We had plans to move them back up to their fall mountain pasture the next morning, which is what is done every year after we preg check. It marks the end of our fall cow work. However, both of us decided we could not leave things like this. So, instead, the next morning we got up and did it all over again. However this time, we kept our heads, didn’t freak out when things weren’t working, paid attention to what the cows were telling us, and adjusted our movements and actions accordingly. We made sure to get the cows moving together smoothly and cohesively before we went through the gate, so when we did finally go through it, we had them working for us before we even got to the corral. It felt good and we are so glad we took the extra day to make the situation right.
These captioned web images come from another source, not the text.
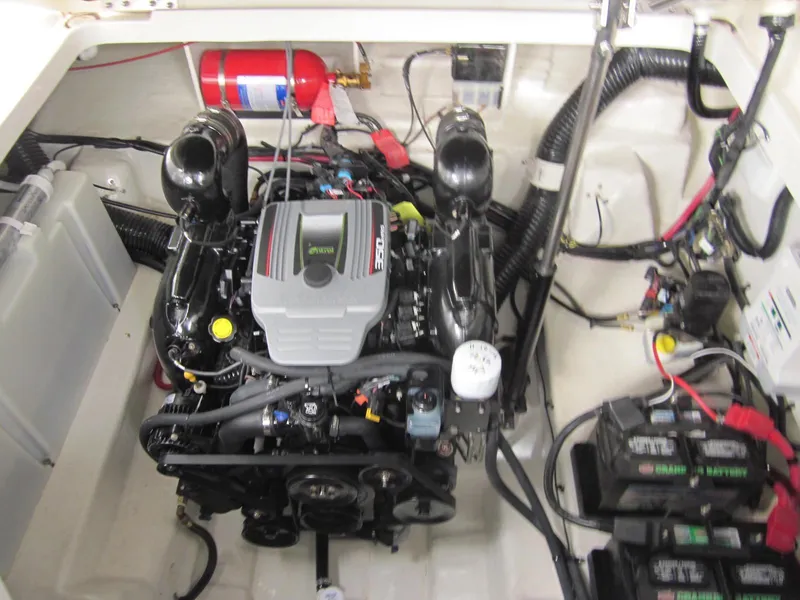Slide: The Image of As-New Engine Room - 27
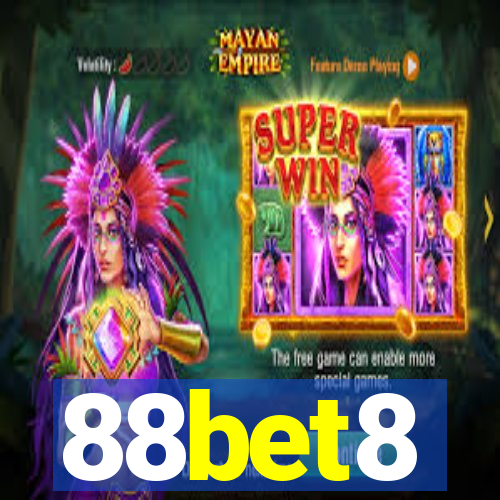 88bet8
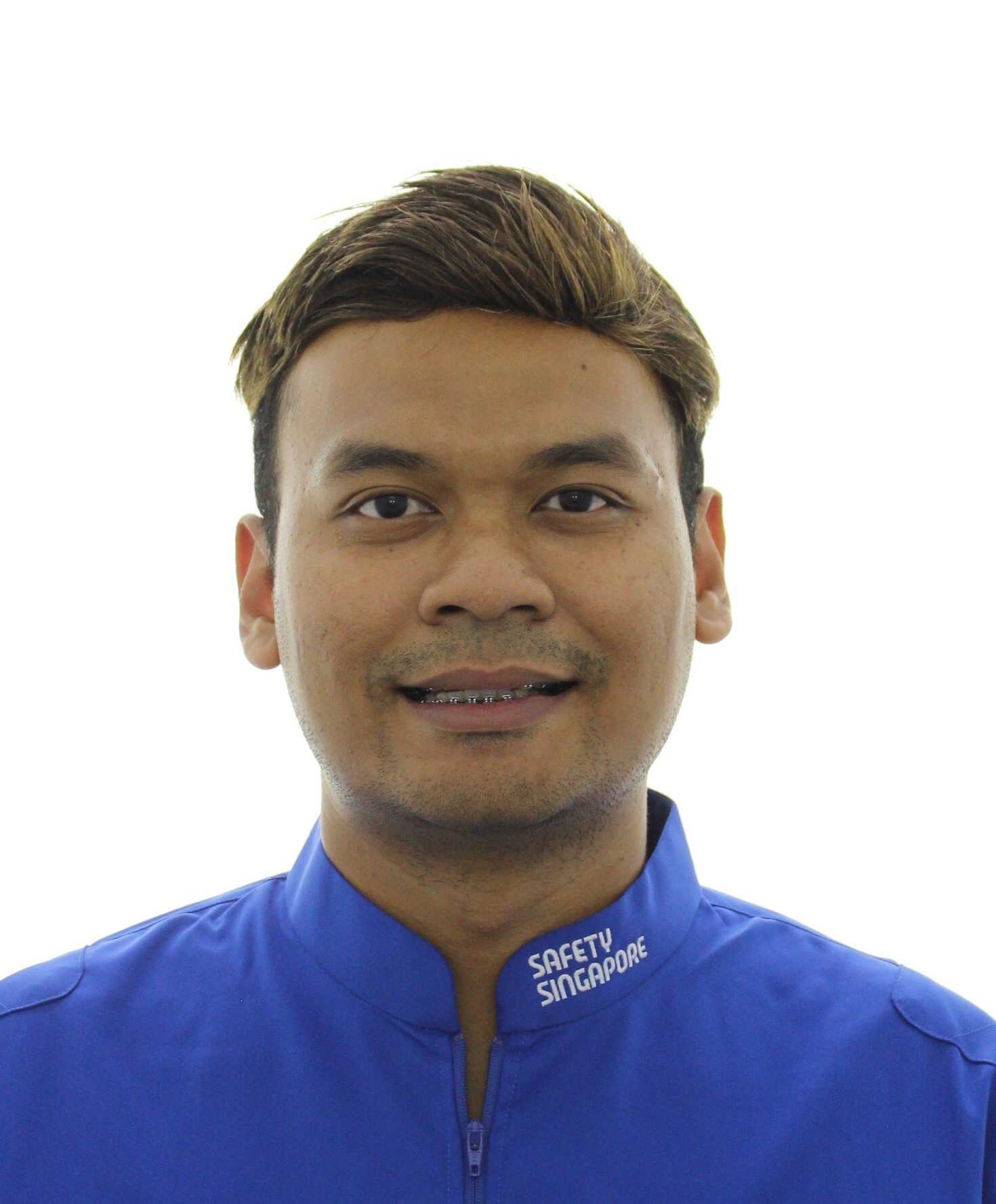 MUHAMMAD FIRDAUS BIN NORDIN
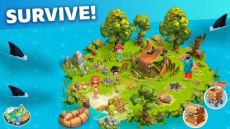 패밀리 ì•„ì¼ëžœë“œ APK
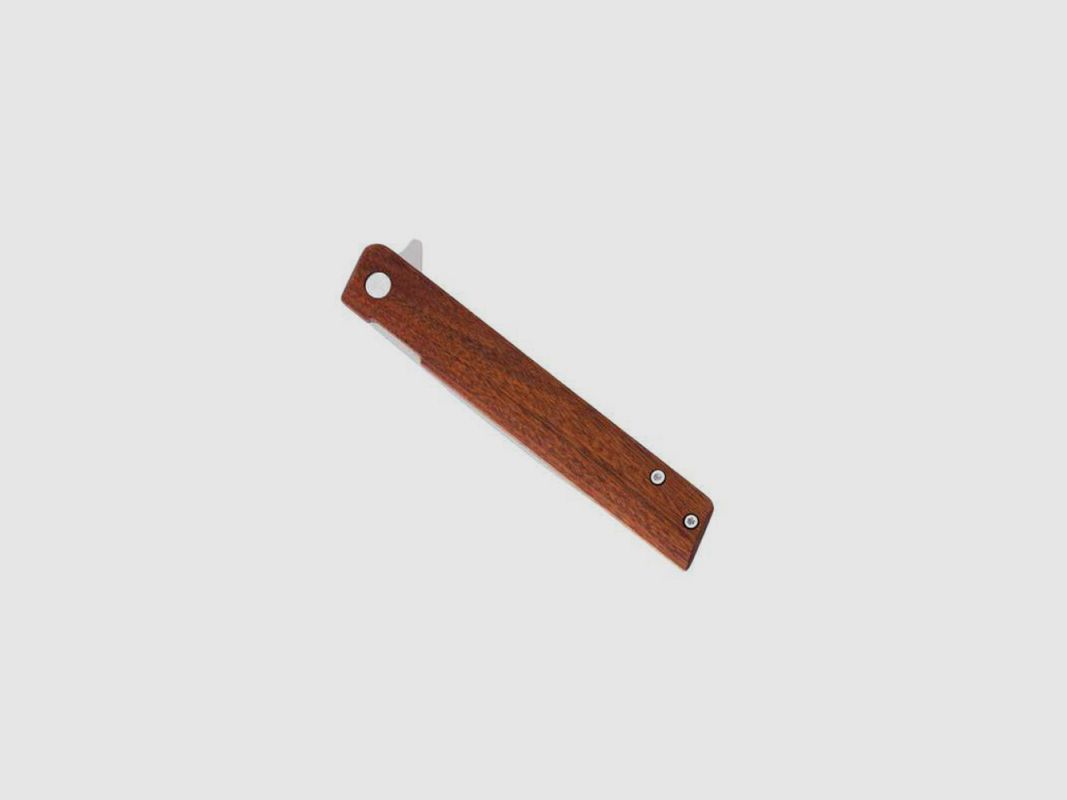 BUCK DECATUR Messer Holz 0256BRS, Bild 3 von 5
Long story short, I can understand why people resort back to what they know and are comfortable with. When you get excited about something new, and then you perceive it to have failed you, it feels so much worse than if you never had the high expectations to begin with. I do not think low-stress handling failed us. I think that day was a combination of us not reading the situation correctly and adjusting our strategy appropriately, and the cows being used to a different way of being handled for many years. Just like with a horse, they need to be retrained, and so do we. Although it sucked, we probably learned more from that failure than all the successes we’ve had. I don’t know how to get that point across in your clinic, but I’m willing to bet that’s why a lot of people don’t stick with it.